Key Finding: This is a bug in OVAI's OpenAI compatibility layer. The Ollama-compatible endpoint (/api/chat) streams correctly with the same backend, confirming the issue is isolated to the /v1/ endpoint implementation.
Environment
- OVAI Version: 0.20.0 (image:
prantlf/ovai:latest) - Model:
gemini-2.5-flash-lite(no reasoning) andgemini-2.5-flash - API: OpenAI-compatible streaming endpoint (
/v1/chat/completions) - Docker Command:
docker run -dt -p 22434:22434 --name ovai \
--add-host host.docker.internal:host-gateway \
-e OLLAMA_ORIGIN=http://host.docker.internal:11434 \
-v /path/to/google-account.json:/google-account.json \
-v /path/to/model-defaults.json:/model-defaults.json \
prantlf/ovai
Configuration
model-defaults.json:
{
"apiLocation": "us-central1",
"apiEndpoint": "us-central1-aiplatform.googleapis.com",
"scope": "https://www.googleapis.com/auth/cloud-platform",
"geminiDefaults": {
"generationConfig": {
"thinkingConfig": {
"includeThoughts": true
}
},
"safetySettings": [
{
"category": "HARM_CATEGORY_HATE_SPEECH",
"threshold": "BLOCK_ONLY_HIGH"
},
{
"category": "HARM_CATEGORY_DANGEROUS_CONTENT",
"threshold": "BLOCK_ONLY_HIGH"
},
{
"category": "HARM_CATEGORY_SEXUALLY_EXPLICIT",
"threshold": "BLOCK_ONLY_HIGH"
},
{
"category": "HARM_CATEGORY_HARASSMENT",
"threshold": "BLOCK_ONLY_HIGH"
}
]
}
}
Issue Description
Expected Behavior
When streaming is enabled ("stream": true), each Server-Sent Event (SSE) chunk should contain incremental content in the delta.content field, allowing clients to progressively display the response as it's generated.
Actual Behavior
All streaming chunks from /v1/chat/completions contain empty content fields ("content":""), despite evidence that content generation is occurring:
- Container logs show data bytes being received from Gemini API
- Final usage chunk reports significant completion tokens (e.g., 2,302 tokens)

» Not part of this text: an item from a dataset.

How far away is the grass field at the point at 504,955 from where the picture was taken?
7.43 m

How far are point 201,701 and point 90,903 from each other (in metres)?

- Stream duration matches expected generation time (~23 seconds)
- Non-streaming mode (
"stream": false) returns full content correctly - Ollama endpoint (
/api/chat) streams the same content progressively
This indicates the issue is in how OVAI's OpenAI compatibility layer transforms streaming responses, not in content generation itself.
Reproduction Steps
Test Case 1: OpenAI Endpoint Streaming (FAILS)
curl localhost:22434/v1/chat/completions -d '{
"model": "gemini-2.5-flash",
"messages": [
{
"role": "system",
"content": "You are an expert on Dungeons and Dragons."
},
{
"role": "user",
"content": "What race is the best for a barbarian?"
}
],
"stream": true,
"stream_options": {
"include_usage": true
}
}'
Result: 46 chunks received, all with empty content:
data: {"model":"gemini-2.5-flash","created":1759687856,"id":"2025-10-05T18:10:56Z","object":"chat.completion.chunk","system_fingerprint":"fp_gemini","choices":[{"index":0,"delta":{"role":"assistant","content":""},"finish_reason":null}]}
data: {"model":"gemini-2.5-flash","created":1759687857,"id":"2025-10-05T18:10:57Z","object":"chat.completion.chunk","system_fingerprint":"fp_gemini","choices":[{"index":0,"delta":{"role":"assistant","content":""},"finish_reason":null}]}
...
data: {"model":"gemini-2.5-flash","created":1759687879,"id":"2025-10-05T18:11:19Z","object":"chat.completion.chunk","system_fingerprint":"fp_gemini","choices":[{"index":0,"delta":{"role":"assistant","content":""},"finish_reason":"stop"}]}
data: {"model":"gemini-2.5-flash","created":1759687879,"id":"2025-10-05T18:11:19Z","object":"chat.completion.chunk","system_fingerprint":"fp_gemini","choices":[],"usage":{"completion_tokens":2302,"prompt_tokens":18,"total_tokens":2320}}
data: [DONE]
Test Case 2: OpenAI Endpoint Non-Streaming (WORKS)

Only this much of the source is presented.